▶ Short web captions:
============================================================

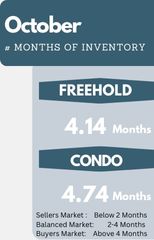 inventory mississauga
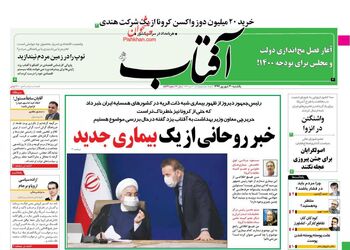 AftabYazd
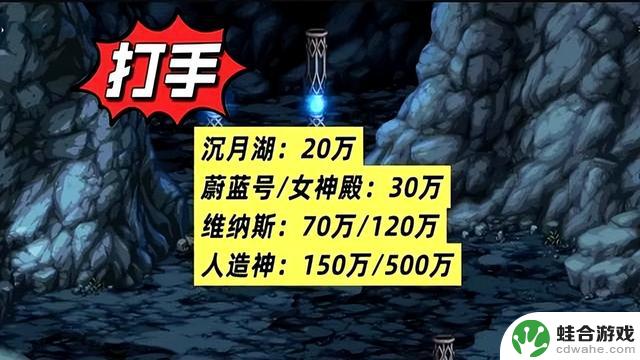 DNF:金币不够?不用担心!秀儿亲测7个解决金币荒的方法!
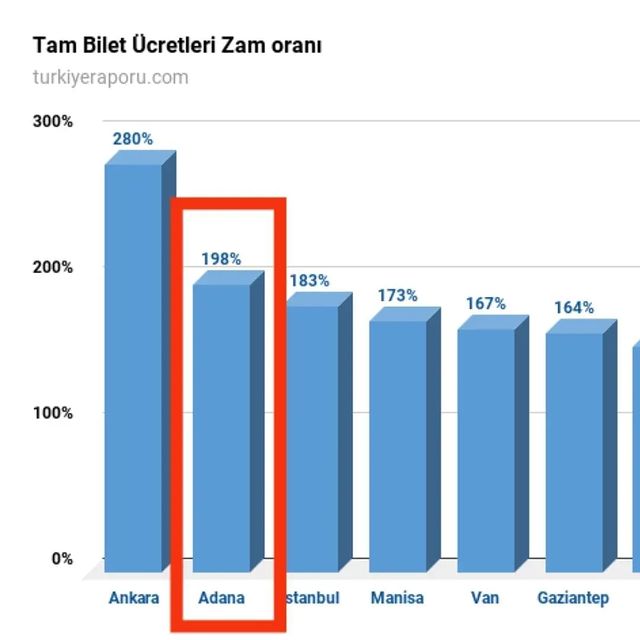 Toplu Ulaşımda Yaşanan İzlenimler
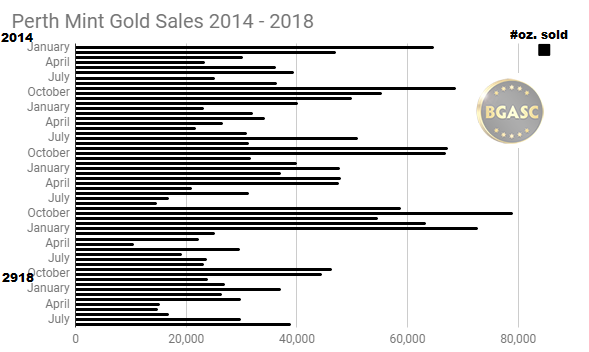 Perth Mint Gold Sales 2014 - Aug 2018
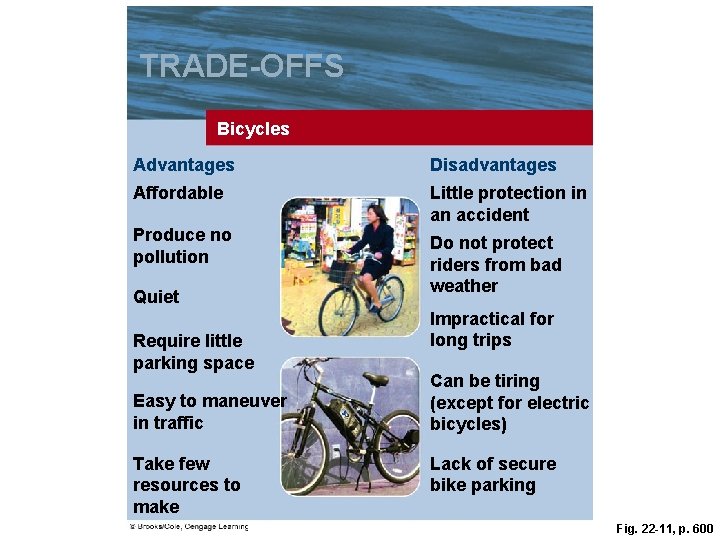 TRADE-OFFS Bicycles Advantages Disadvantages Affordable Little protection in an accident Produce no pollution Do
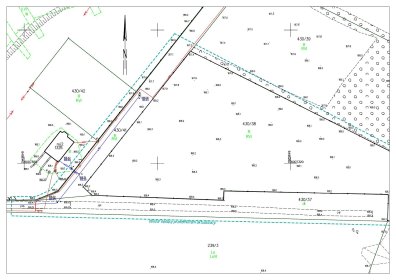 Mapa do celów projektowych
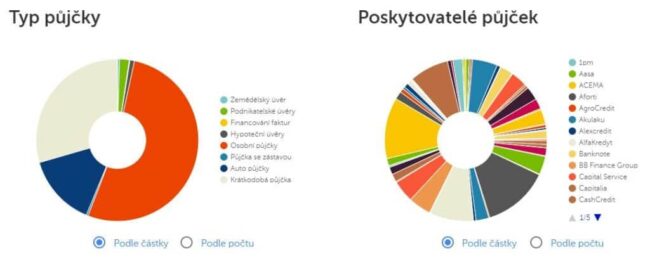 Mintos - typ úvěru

============================================================

▶ PROBLEM STATEMENT: Give the entries above again exactly, minus their pictures.

▶ EXERCISE RESPONSE:
 inventory mississauga
 AftabYazd
 DNF:金币不够?不用担心!秀儿亲测7个解决金币荒的方法!
 Toplu Ulaşımda Yaşanan İzlenimler
 Perth Mint Gold Sales 2014 - Aug 2018
 TRADE-OFFS Bicycles Advantages Disadvantages Affordable Little protection in an accident Produce no pollution Do
 Mapa do celów projektowych
 Mintos - typ úvěru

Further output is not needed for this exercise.